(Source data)
╔══
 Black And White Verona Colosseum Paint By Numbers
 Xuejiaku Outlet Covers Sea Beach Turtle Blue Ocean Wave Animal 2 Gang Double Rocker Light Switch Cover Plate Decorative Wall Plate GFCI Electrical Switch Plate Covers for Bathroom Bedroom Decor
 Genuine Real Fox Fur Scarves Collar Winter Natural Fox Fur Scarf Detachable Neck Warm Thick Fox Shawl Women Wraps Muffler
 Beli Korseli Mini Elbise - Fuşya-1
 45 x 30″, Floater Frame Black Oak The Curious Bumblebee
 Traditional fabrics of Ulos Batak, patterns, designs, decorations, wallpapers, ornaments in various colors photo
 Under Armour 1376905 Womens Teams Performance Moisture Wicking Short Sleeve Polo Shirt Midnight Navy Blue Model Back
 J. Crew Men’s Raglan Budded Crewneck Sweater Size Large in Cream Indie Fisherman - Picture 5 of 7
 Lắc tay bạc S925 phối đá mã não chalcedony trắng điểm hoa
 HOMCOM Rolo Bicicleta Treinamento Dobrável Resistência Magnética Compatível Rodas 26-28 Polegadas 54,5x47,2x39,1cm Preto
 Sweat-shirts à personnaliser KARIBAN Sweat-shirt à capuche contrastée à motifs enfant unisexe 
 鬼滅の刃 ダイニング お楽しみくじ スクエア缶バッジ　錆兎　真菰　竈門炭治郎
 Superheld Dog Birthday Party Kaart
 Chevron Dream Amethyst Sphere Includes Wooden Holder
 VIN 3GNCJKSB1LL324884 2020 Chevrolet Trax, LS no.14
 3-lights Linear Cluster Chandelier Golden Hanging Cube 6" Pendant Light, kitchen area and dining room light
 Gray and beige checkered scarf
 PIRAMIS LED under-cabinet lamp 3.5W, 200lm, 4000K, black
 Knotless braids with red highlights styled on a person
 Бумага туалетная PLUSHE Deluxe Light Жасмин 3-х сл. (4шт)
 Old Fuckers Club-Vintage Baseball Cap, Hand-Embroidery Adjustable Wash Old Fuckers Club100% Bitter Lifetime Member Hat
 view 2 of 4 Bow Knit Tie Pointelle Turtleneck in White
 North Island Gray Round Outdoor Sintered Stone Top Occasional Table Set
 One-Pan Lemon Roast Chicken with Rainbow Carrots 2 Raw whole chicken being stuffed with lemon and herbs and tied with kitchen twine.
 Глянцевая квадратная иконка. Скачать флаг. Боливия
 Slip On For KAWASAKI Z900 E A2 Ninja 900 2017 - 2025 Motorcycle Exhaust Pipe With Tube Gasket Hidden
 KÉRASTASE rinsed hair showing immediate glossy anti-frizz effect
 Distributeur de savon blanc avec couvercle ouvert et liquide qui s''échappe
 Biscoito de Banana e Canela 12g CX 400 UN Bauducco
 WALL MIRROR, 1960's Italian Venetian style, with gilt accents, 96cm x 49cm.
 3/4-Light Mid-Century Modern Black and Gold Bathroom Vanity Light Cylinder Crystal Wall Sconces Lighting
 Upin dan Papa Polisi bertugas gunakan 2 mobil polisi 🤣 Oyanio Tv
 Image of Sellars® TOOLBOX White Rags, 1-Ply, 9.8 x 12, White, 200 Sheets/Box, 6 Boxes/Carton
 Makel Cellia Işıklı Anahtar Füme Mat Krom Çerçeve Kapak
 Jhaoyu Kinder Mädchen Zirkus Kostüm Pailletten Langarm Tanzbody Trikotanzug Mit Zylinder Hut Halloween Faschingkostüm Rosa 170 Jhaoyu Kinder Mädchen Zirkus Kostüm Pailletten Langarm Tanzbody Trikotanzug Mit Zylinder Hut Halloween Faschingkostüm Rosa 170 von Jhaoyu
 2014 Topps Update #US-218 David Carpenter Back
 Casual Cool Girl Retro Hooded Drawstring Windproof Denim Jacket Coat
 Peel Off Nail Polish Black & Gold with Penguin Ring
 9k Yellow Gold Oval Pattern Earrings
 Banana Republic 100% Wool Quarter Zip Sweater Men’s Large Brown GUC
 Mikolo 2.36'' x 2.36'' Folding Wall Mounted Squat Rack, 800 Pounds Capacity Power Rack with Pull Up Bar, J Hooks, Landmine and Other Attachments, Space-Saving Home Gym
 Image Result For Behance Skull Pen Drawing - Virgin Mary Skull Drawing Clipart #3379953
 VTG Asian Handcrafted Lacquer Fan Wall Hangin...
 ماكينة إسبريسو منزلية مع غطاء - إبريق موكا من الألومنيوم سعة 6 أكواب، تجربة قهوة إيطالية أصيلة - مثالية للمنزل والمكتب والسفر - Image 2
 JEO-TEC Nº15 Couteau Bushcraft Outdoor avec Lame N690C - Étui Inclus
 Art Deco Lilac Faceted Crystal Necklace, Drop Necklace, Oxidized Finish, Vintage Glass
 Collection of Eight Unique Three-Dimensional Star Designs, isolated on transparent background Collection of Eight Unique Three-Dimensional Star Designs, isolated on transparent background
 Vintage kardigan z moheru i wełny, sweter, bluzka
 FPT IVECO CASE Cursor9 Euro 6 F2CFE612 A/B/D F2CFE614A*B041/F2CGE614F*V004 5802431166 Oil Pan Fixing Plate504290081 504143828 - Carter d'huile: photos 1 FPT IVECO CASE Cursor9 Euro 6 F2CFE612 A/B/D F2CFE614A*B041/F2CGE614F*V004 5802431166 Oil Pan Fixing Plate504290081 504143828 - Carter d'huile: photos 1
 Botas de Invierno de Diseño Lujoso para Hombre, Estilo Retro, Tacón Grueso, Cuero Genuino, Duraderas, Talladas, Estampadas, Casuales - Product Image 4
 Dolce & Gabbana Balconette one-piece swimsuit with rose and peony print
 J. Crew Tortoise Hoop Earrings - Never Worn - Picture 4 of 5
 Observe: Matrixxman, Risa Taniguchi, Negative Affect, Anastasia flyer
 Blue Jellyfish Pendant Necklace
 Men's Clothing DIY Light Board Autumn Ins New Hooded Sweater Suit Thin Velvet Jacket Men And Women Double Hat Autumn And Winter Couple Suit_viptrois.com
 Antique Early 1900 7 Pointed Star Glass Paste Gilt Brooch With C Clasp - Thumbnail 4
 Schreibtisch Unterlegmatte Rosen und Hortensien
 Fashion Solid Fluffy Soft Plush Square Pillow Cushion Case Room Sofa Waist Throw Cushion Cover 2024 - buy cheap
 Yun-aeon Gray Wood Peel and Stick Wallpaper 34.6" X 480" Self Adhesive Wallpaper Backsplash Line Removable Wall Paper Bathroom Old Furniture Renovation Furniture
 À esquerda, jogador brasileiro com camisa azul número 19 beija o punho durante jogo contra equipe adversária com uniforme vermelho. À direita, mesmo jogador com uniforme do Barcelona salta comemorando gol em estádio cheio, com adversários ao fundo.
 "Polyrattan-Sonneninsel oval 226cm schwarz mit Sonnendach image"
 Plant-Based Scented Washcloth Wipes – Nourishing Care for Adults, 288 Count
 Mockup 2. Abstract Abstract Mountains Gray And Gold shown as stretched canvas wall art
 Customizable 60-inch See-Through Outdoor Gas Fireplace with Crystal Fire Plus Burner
╚══
For the word "Crew", count how many lines of the entries contain it; give the number and nothing more.

2